======== Material provided

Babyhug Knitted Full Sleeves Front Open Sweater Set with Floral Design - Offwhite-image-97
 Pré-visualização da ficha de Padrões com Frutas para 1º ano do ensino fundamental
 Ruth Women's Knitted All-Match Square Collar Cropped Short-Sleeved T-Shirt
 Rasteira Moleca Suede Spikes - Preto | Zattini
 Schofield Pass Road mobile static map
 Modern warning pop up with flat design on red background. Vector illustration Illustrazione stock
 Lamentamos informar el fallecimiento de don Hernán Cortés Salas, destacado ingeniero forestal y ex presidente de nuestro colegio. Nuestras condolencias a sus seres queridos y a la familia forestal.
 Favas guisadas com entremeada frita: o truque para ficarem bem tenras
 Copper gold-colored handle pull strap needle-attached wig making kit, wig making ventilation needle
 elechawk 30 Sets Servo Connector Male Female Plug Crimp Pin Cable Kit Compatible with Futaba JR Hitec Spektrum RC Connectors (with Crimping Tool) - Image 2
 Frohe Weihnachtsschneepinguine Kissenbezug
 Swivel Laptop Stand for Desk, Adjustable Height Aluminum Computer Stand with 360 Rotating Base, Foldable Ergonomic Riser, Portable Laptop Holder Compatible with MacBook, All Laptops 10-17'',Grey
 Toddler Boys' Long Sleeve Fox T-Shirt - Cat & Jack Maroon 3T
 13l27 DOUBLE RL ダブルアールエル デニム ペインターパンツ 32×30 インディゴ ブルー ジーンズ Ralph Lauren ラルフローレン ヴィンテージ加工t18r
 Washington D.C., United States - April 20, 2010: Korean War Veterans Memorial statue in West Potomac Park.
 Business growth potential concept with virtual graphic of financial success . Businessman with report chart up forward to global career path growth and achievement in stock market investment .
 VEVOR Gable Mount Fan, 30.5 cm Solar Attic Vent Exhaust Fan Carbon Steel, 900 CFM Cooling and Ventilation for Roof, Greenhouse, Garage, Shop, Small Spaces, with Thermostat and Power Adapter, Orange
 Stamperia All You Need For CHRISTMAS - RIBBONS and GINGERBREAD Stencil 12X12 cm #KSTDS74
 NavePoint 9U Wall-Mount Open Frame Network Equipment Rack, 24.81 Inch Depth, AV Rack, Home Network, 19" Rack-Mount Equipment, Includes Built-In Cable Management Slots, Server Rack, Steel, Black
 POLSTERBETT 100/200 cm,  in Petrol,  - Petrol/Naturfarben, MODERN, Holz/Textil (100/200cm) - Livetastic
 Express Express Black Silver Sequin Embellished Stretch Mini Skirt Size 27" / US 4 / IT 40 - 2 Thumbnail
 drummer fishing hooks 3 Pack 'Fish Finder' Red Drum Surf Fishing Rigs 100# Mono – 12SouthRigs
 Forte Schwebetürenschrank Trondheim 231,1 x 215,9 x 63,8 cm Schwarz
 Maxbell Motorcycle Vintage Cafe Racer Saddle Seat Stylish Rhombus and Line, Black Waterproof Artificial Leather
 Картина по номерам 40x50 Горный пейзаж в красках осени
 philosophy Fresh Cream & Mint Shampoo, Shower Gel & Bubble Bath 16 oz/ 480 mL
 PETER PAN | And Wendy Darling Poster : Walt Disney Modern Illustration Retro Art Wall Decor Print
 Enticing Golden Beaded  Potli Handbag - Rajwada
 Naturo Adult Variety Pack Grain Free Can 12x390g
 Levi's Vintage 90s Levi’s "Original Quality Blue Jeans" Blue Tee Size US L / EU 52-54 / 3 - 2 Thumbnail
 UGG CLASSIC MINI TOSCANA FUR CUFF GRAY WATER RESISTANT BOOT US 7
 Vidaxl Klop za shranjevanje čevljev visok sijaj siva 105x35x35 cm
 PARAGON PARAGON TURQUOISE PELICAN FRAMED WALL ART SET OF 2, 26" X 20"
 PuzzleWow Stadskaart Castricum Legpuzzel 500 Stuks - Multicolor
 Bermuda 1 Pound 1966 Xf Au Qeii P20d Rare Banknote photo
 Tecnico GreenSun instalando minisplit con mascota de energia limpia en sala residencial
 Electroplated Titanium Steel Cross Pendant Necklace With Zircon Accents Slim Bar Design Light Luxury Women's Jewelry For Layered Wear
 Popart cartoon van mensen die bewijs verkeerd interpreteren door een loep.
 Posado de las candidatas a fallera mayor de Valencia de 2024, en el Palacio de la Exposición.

================

# Your objective
Starting at the line in the records above that contains "drummer fishing hooks", output every line up to and including the last one, with nothing added.

# Output of the exercise
 drummer fishing hooks 3 Pack 'Fish Finder' Red Drum Surf Fishing Rigs 100# Mono – 12SouthRigs
 Forte Schwebetürenschrank Trondheim 231,1 x 215,9 x 63,8 cm Schwarz
 Maxbell Motorcycle Vintage Cafe Racer Saddle Seat Stylish Rhombus and Line, Black Waterproof Artificial Leather
 Картина по номерам 40x50 Горный пейзаж в красках осени
 philosophy Fresh Cream & Mint Shampoo, Shower Gel & Bubble Bath 16 oz/ 480 mL
 PETER PAN | And Wendy Darling Poster : Walt Disney Modern Illustration Retro Art Wall Decor Print
 Enticing Golden Beaded  Potli Handbag - Rajwada
 Naturo Adult Variety Pack Grain Free Can 12x390g
 Levi's Vintage 90s Levi’s "Original Quality Blue Jeans" Blue Tee Size US L / EU 52-54 / 3 - 2 Thumbnail
 UGG CLASSIC MINI TOSCANA FUR CUFF GRAY WATER RESISTANT BOOT US 7
 Vidaxl Klop za shranjevanje čevljev visok sijaj siva 105x35x35 cm
 PARAGON PARAGON TURQUOISE PELICAN FRAMED WALL ART SET OF 2, 26" X 20"
 PuzzleWow Stadskaart Castricum Legpuzzel 500 Stuks - Multicolor
 Bermuda 1 Pound 1966 Xf Au Qeii P20d Rare Banknote photo
 Tecnico GreenSun instalando minisplit con mascota de energia limpia en sala residencial
 Electroplated Titanium Steel Cross Pendant Necklace With Zircon Accents Slim Bar Design Light Luxury Women's Jewelry For Layered Wear
 Popart cartoon van mensen die bewijs verkeerd interpreteren door een loep.
 Posado de las candidatas a fallera mayor de Valencia de 2024, en el Palacio de la Exposición.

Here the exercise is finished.